Department of Electrical Engineering, Neurosciences Program, Stanford University, Stanford, CA 94305-9505, USA.
Neural Comput. 2013 Mar;25(3):626-49. doi: 10.1162/NECO_a_00409. Epub 2012 Dec 28.
Recurrent neural networks (RNNs) are useful tools for learning nonlinear relationships between time-varying inputs and outputs with complex temporal dependencies. Recently developed algorithms have been successful at training RNNs to perform a wide variety of tasks, but the resulting networks have been treated as black boxes: their mechanism of operation remains unknown. Here we explore the hypothesis that fixed points, both stable and unstable, and the linearized dynamics around them, can reveal crucial aspects of how RNNs implement their computations. Further, we explore the utility of linearization in areas of phase space that are not true fixed points but merely points of very slow movement. We present a simple optimization technique that is applied to trained RNNs to find the fixed and slow points of their dynamics. Linearization around these slow regions can be used to explore, or reverse-engineer, the behavior of the RNN. We describe the technique, illustrate it using simple examples, and finally showcase it on three high-dimensional RNN examples: a 3-bit flip-flop device, an input-dependent sine wave generator, and a two-point moving average. In all cases, the mechanisms of trained networks could be inferred from the sets of fixed and slow points and the linearized dynamics around them.

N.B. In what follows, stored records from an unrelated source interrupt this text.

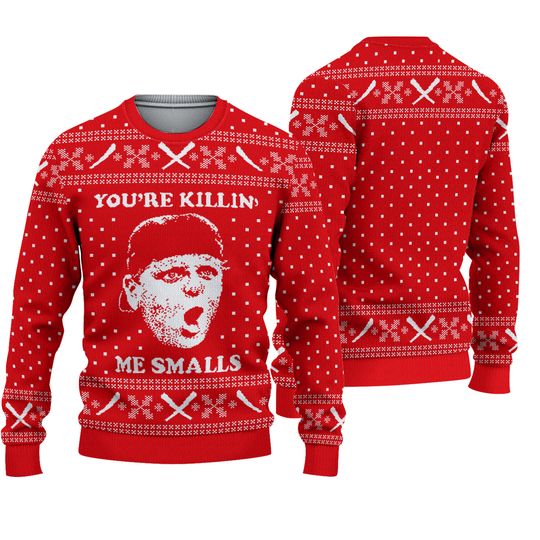 Discover You are Killin' Me Smalls 3D Ugly Christmas Sweater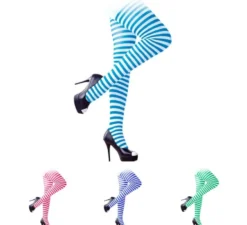 Collant a Righe Bianchi per Adulti in diversi colori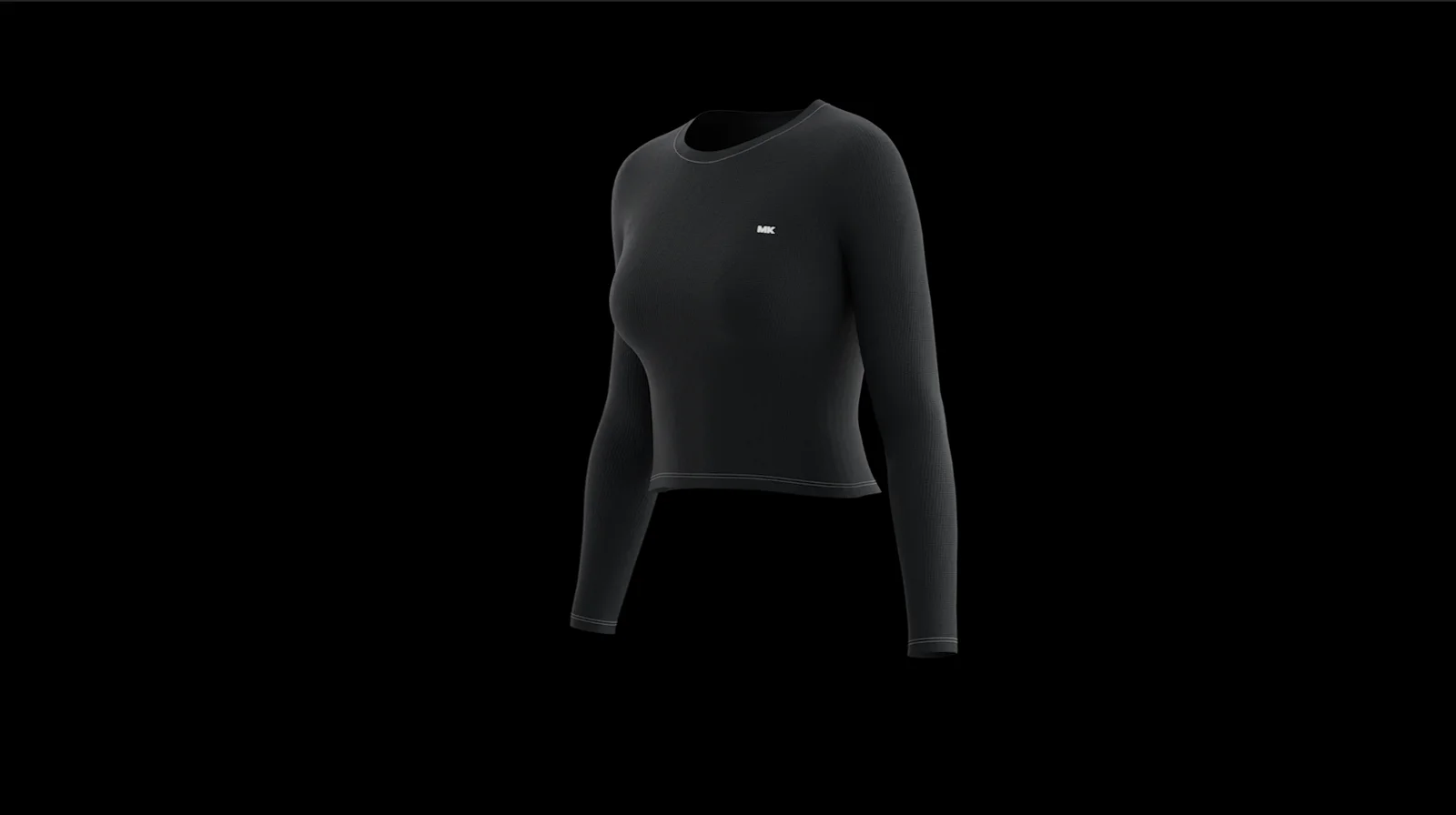 Long Sleeve Crop Top Mockup screenshot 4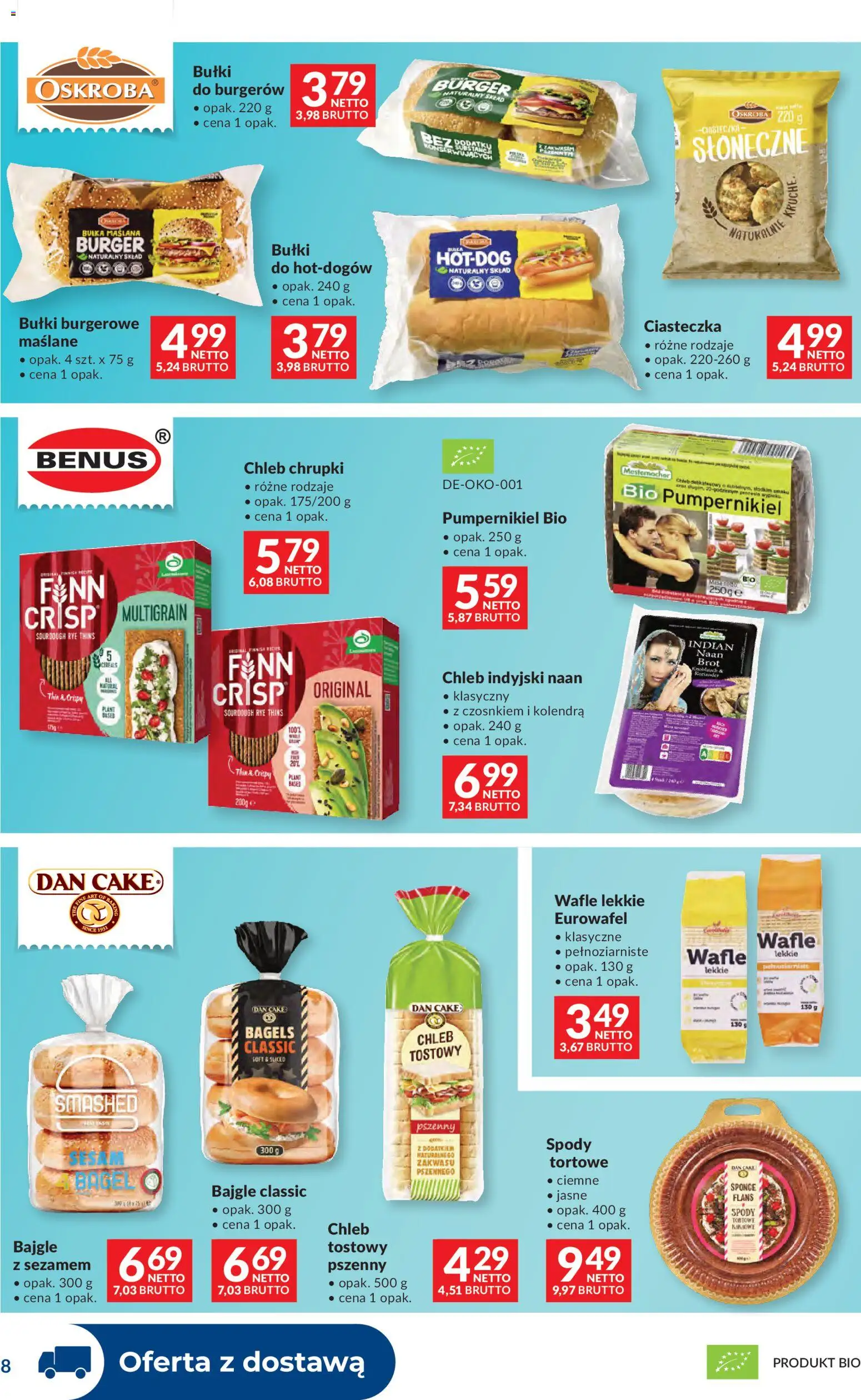 Makro Gazetka - Dystrybucja do sklepów od 20.01.2026 | Strona: 8 | Produkty: Chrupki, Bułka, Chleb, Ciasteczka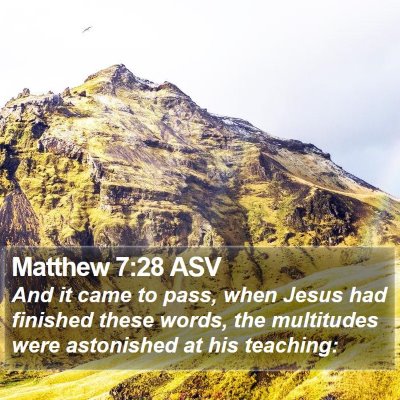 Matthew 7:28 ASV Bible Verse Image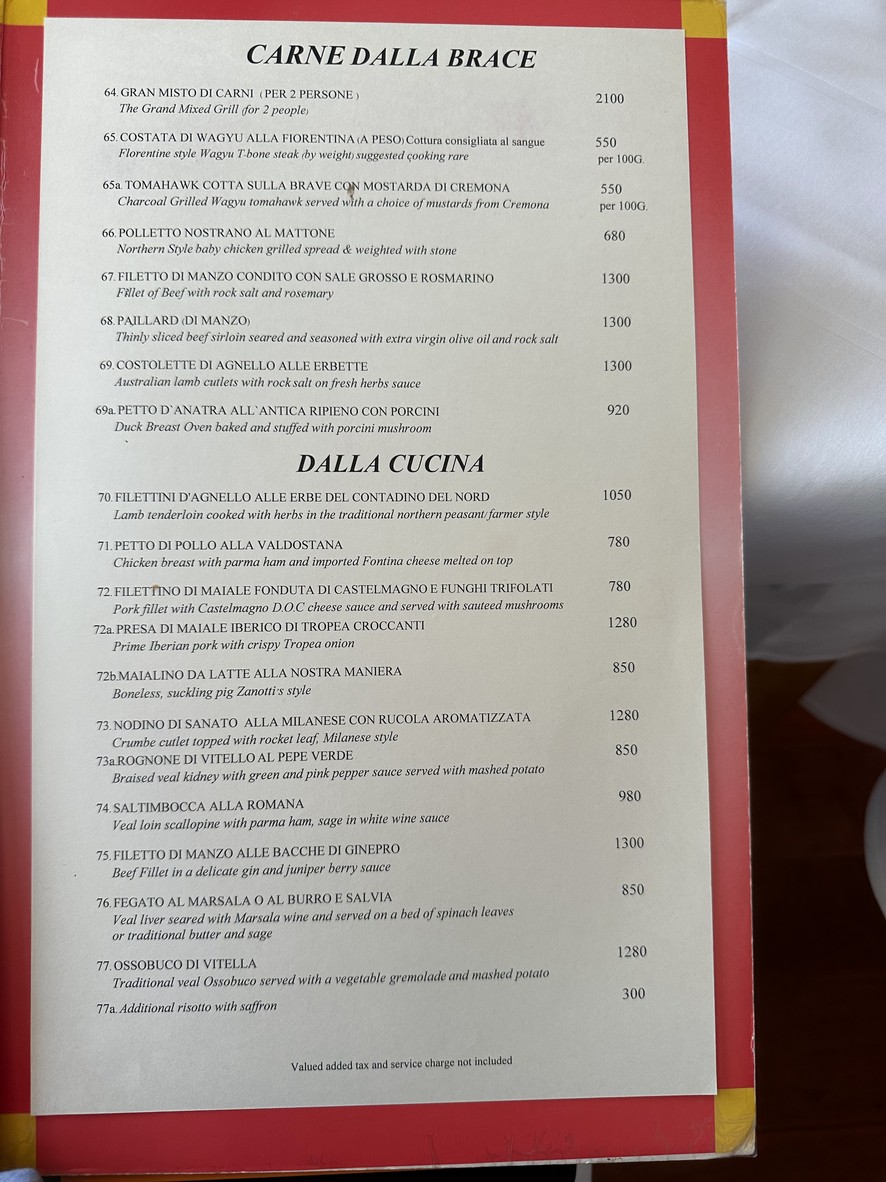 Zanotti menu 3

递归神经网络 (RNN) 是一种有用的工具,可用于学习具有复杂时间依赖性的时变输入和输出之间的非线性关系。最近开发的算法已成功用于训练 RNN 以执行各种任务,但得到的网络被视为黑盒:其工作机制仍然未知。在这里,我们探讨了这样一个假设,即平衡点(稳定和不稳定的)及其周围的线性化动力学,可以揭示 RNN 如何实现其计算的关键方面。此外,我们还探讨了在线性化空间区域的应用,这些区域不是真正的平衡点,而仅仅是移动非常缓慢的点。我们提出了一种简单的优化技术,该技术应用于训练有素的 RNN 以找到其动力学的固定点和缓慢点。可以围绕这些缓慢区域进行线性化,以探索或反向设计 RNN 的行为。我们描述了该技术,使用简单的示例进行了说明,并最终在三个高维 RNN 示例上展示了该技术:一个 3 位触发器设备、一个依赖于输入的正弦波发生器和一个两点移动平均值。在所有情况下,都可以从固定点和缓慢点及其周围的线性化动力学中推断出经过训练的网络的机制。